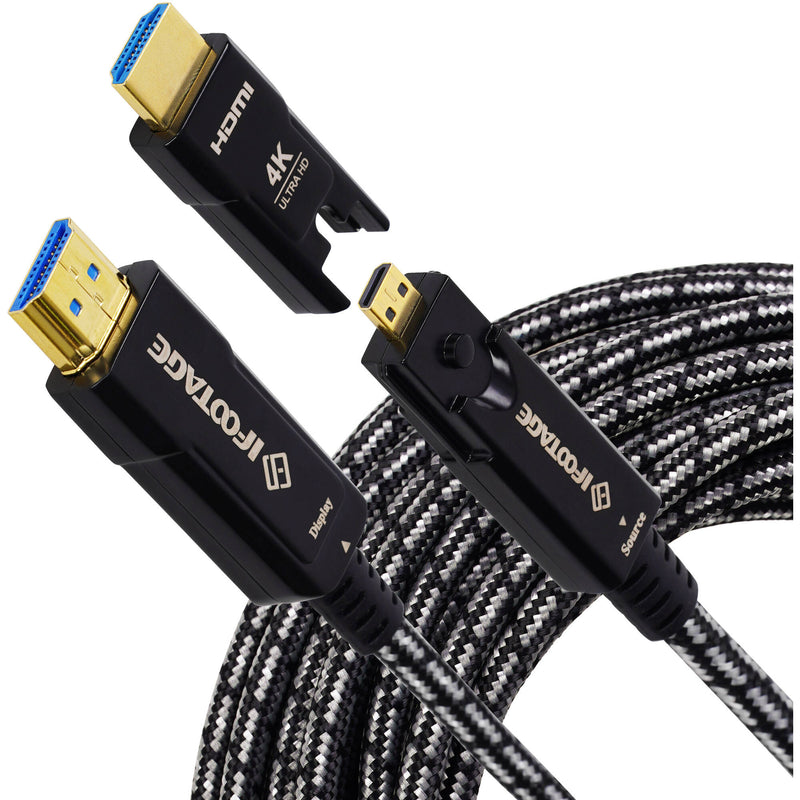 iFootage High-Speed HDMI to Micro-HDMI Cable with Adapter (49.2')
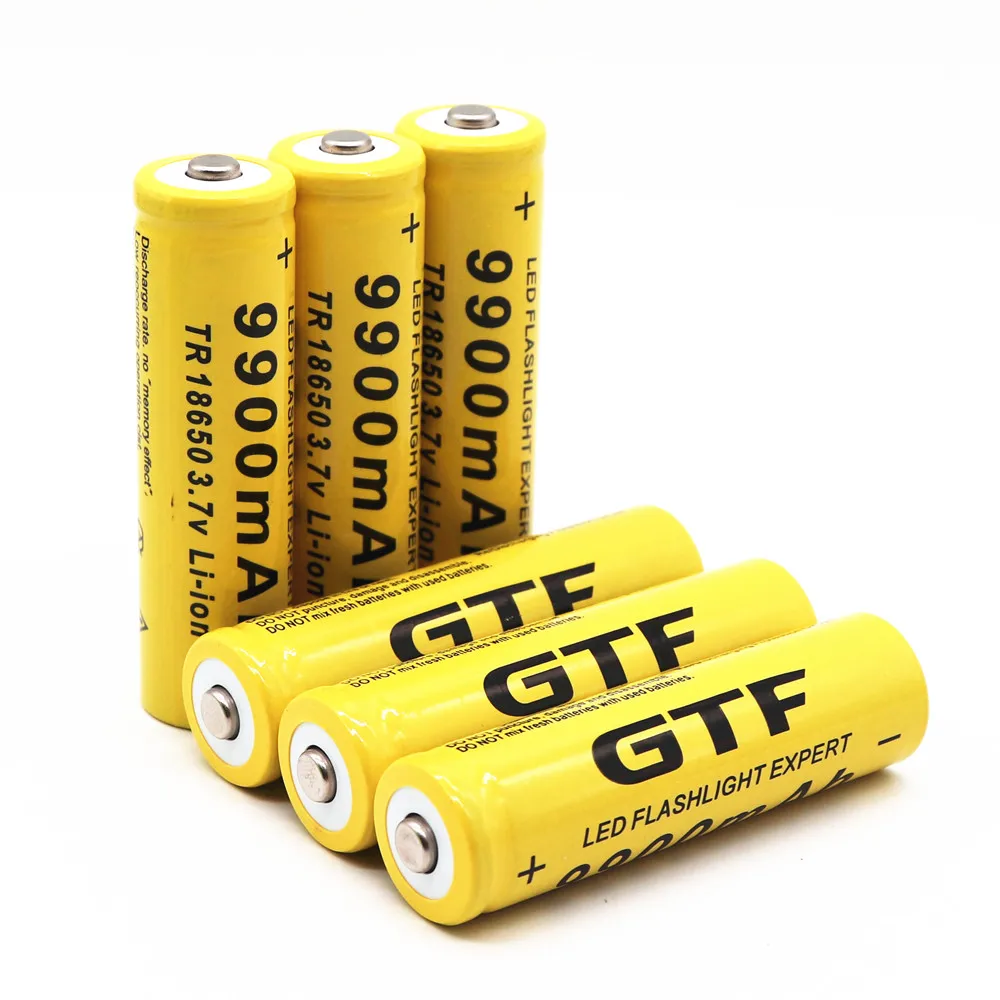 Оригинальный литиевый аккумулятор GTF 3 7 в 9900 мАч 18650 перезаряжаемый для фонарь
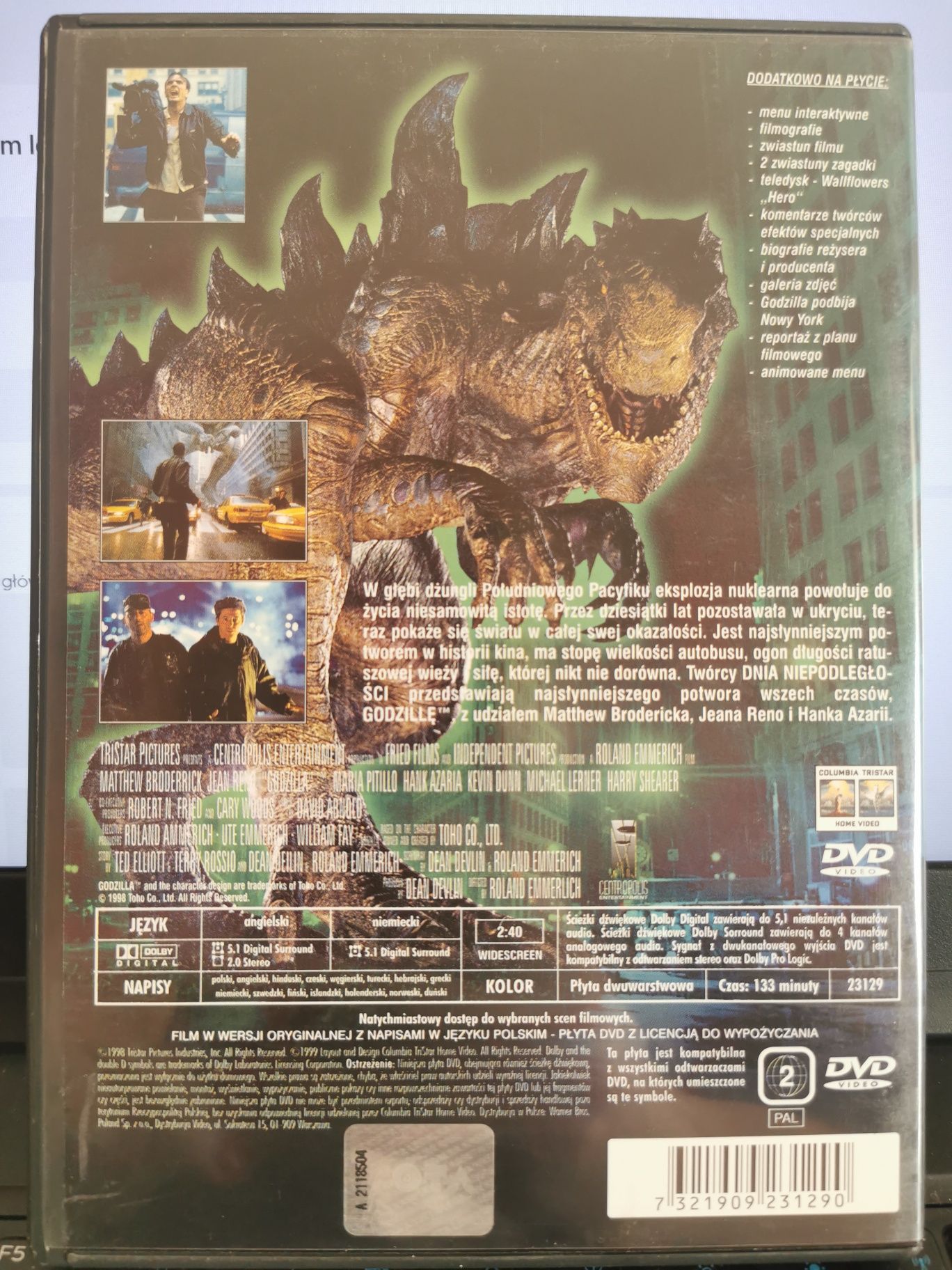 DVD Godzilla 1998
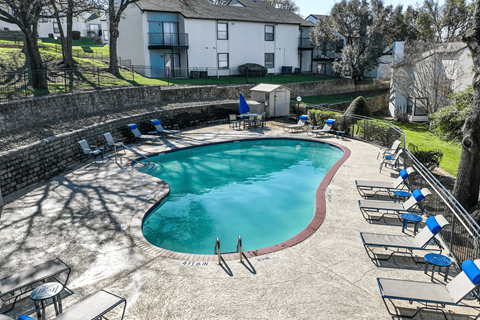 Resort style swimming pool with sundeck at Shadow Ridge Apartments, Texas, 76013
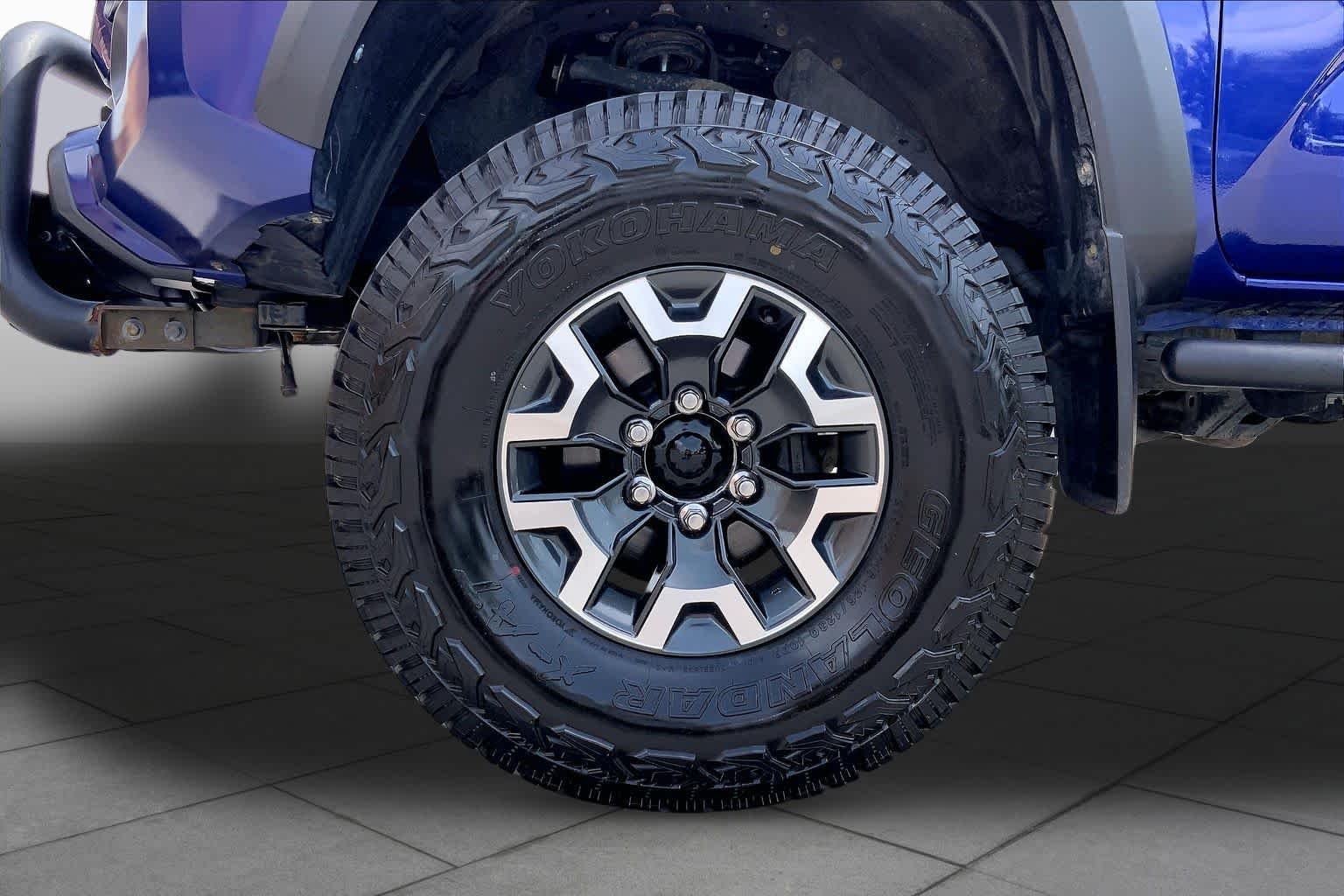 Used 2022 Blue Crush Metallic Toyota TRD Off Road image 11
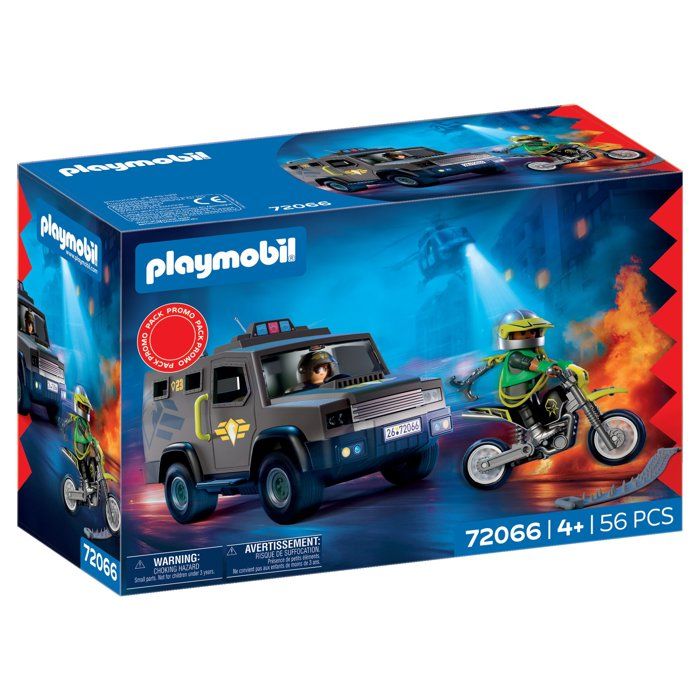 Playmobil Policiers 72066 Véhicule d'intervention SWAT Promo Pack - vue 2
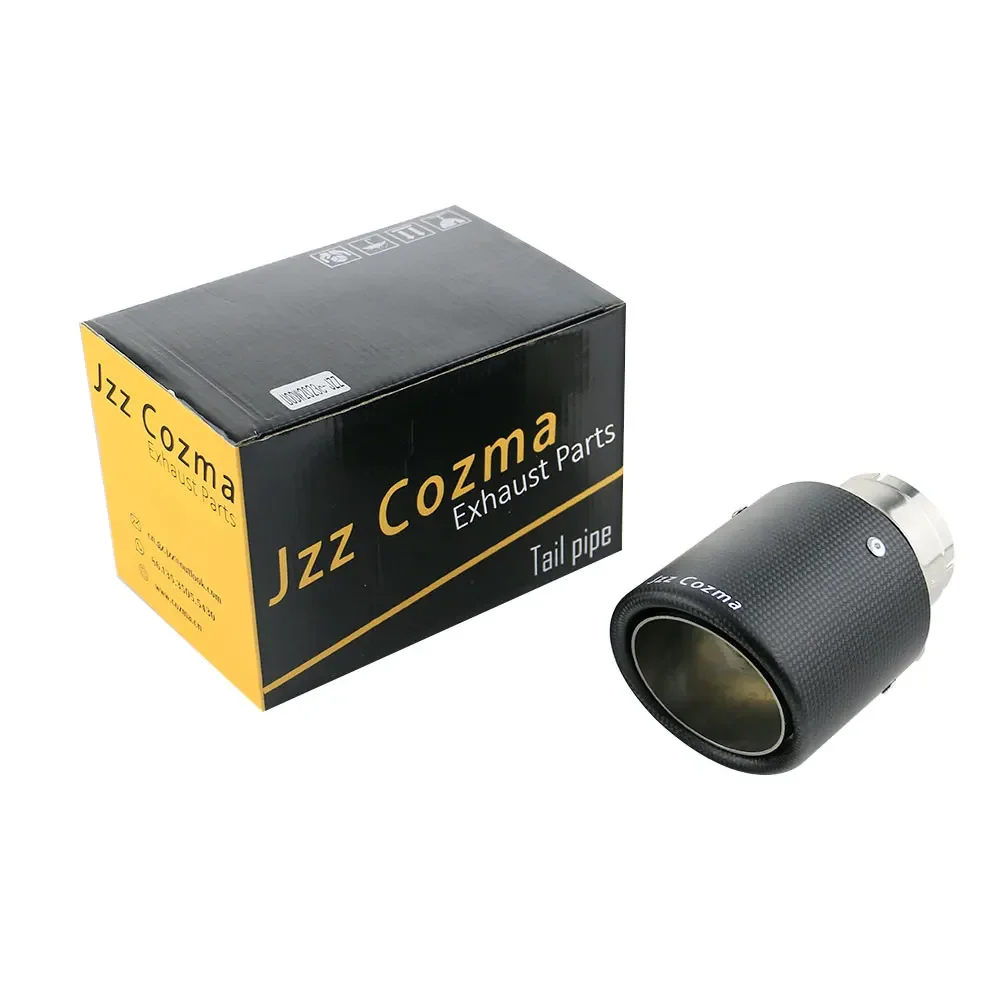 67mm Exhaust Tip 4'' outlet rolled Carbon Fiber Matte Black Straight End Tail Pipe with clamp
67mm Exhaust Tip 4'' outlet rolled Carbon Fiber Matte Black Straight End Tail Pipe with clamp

********

What is expected ::
Only the lines from the one holding "Resort style swimming" to the last line of the entries above should be printed, exactly as they appear and with no pictures.

Written answer ::
 Resort style swimming pool with sundeck at Shadow Ridge Apartments, Texas, 76013
 Used 2022 Blue Crush Metallic Toyota TRD Off Road image 11
 Playmobil Policiers 72066 Véhicule d'intervention SWAT Promo Pack - vue 2
 67mm Exhaust Tip 4'' outlet rolled Carbon Fiber Matte Black Straight End Tail Pipe with clamp
67mm Exhaust Tip 4'' outlet rolled Carbon Fiber Matte Black Straight End Tail Pipe with clamp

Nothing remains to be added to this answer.